STREAMKMeans is an alternative version of the original algorithm STREAMLSEARCH proposed by O'Callaghan et al. 1, by replacing the k-medians using LSEARCH by the k-means algorithm.

However, instead of using the traditional k-means, which requires a total reclustering each time the temporary chunk of data points is full, the implementation of this algorithm uses an increamental k-means.

At first, the cluster centers are initialized with a KMeans instance. For a new point p:

  • If the size of chunk is less than the maximum size allowed, add the new point to the temporary chunk.

  • When the size of chunk reaches the maximum value size allowed

    • A new incremental KMeans instance is created.

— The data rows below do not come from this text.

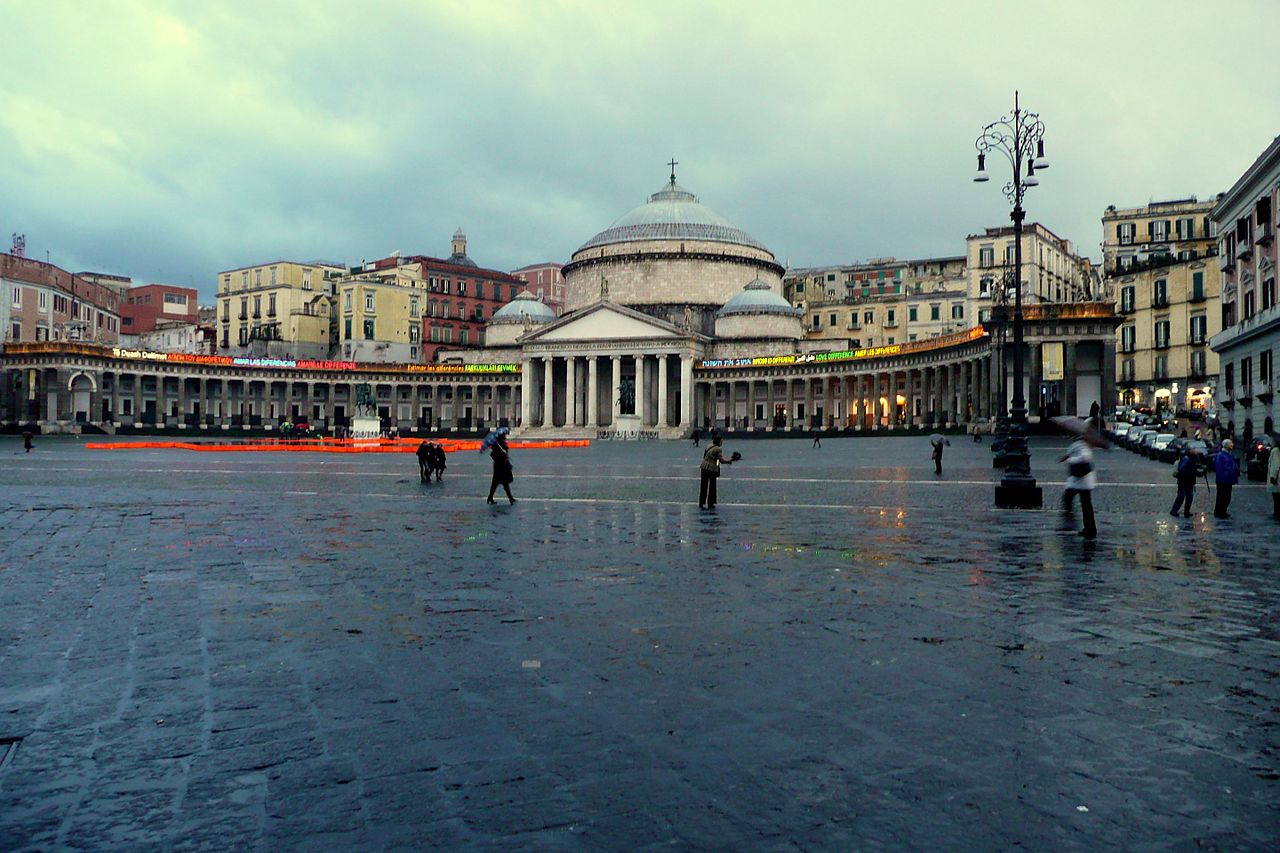 Piazza del Plebiscito, Napoli, Italy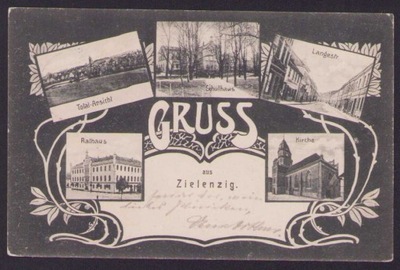 Sulęcin - Gruss aus Zielenzig, obieg 1907 r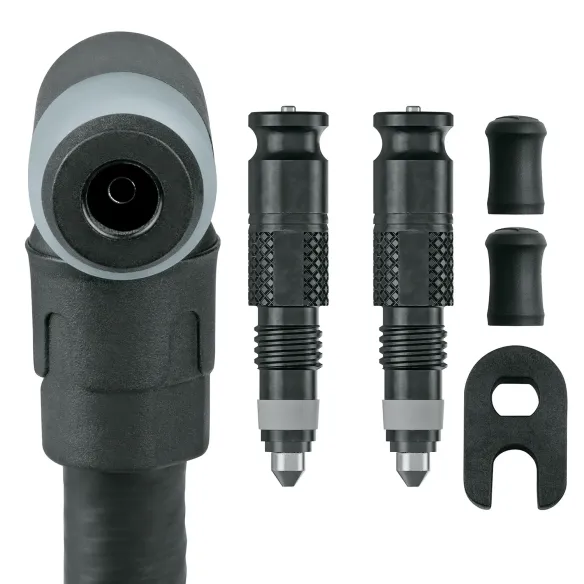Schwalbe CLIK VALVE Umrüst-Set SV mit SKS CLIK TEC-Pumpenkopf Schwalbe CLIK VALVE Umrüst-Set SV mit SKS CLIK TEC-Pumpenkopf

The latter will process all points in the temporary chunk. The centers of this new instance then become the new centers.

    • All points are deleted from the temporary chunk so that new points can be added.

  • When a prediction request arrives, the centers of the algorithm will be exactly the same as the centers of the original KMeans at the time of retrieval.

Parameters

  • chunk_size – defaults to 10

    Maximum size allowed for the temporary data chunk.

  • n_clusters – defaults to 2

    Number of clusters generated by the algorithm.

  • kwargs

    Other parameters passed to the incremental kmeans at cluster.KMeans.

Attributes

  • centers

    Cluster centers generated from running the incremental KMeans algorithm through centers of each chunk.

Examples

>>> from river import cluster
>>> from river import stream

>>> X = [
...     [1, 0.5], [1, 0.625], [1, 0.75], [1, 1.125], [1, 1.5], [1, 1.75],
...     [4, 1.5], [4, 2.25], [4, 2.5], [4, 3], [4, 3.25], [4, 3.5]
... ]

>>> streamkmeans = cluster.STREAMKMeans(chunk_size=3, n_clusters=2, halflife=0.5, sigma=1.5, seed=0)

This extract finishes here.